What does it mean to “break bread” together — was the Lord’s Supper a full meal?
Question 09094
The phrase “breaking bread” appears at several key points in the New Testament, and its interpretation has significant implications for how churches understand and practise the Lord’s Supper. Was the early church observing a brief, formal ordinance of bread and wine, or were they sharing a full communal meal in which the bread and cup were embedded? The evidence suggests that the earliest practice was a full meal, that this practice generated problems, and that the separation of the Lord’s Supper from the communal meal was a development that occurred within the New Testament period itself, driven in part by the pastoral crisis Paul addresses in 1 Corinthians 11.
The Last Supper and Its Context
The institution of the Lord’s Supper took place within a full meal. The Synoptic Gospels place it in the context of the Passover meal (Matthew 26:17-30; Mark 14:12-26; Luke 22:7-23), a substantial, ritual dinner with multiple courses, prayers, and cups of wine. Jesus took bread “as they were eating” (Matthew 26:26) and the cup “after supper” (Luke 22:20; 1 Corinthians 11:25). The language is explicit: the bread came during the meal, the cup came after it. The elements were not detached from the meal context; they were part of it. The earliest Christians would have understood the Lord’s Supper not as a brief symbolic act inserted into a worship service but as something that took place within the shared table fellowship that characterised their common life.
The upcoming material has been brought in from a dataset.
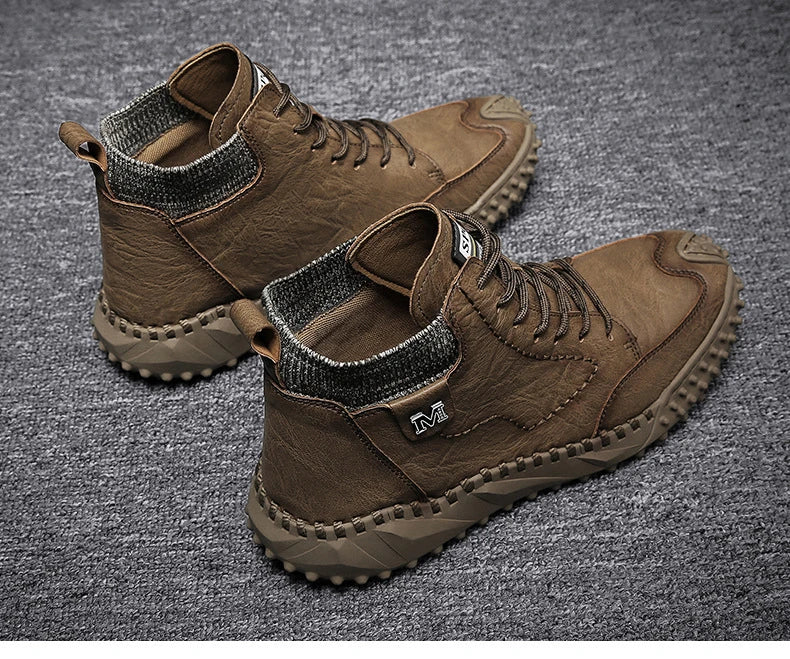 Stylish high-top leather boots in black, grey, and brown colours with a comfortable, breathable design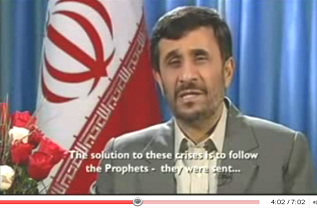 Ahmadinejad Christmas speech 2008: The solution to these crises is to follow the Prophets - they were sent ...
The Passover context is significant for another reason. The Passover was a memorial meal, one that looked back to God’s act of deliverance from Egypt and taught each new generation the story of redemption. Jesus deliberately invested this existing memorial framework with new content: “This is my body, which is given for you. Do this in remembrance of me” (Luke 22:19). The continuity between the Passover and the Lord’s Supper is not accidental. Both are meals. Both are memorials. Both teach the community its identity through a shared act of eating and drinking in the presence of God.
“Breaking Bread” in Acts
Acts 2:42 records that the early Jerusalem church devoted itself to “the apostles’ teaching and the fellowship, to the breaking of bread and the prayers.” Acts 2:46 adds that “day by day, attending the temple together and breaking bread in their homes, they received their food with glad and generous hearts.” The phrase “breaking bread” could refer to ordinary meals, to the Lord’s Supper specifically, or to a full communal meal within which the Lord’s Supper was observed. The most natural reading, given the context of a community that “had all things in common” (Acts 2:44) and ate together daily, is that the “breaking of bread” was a communal meal with a eucharistic dimension, a shared table at which the death of Jesus was remembered as part of the community’s regular life together.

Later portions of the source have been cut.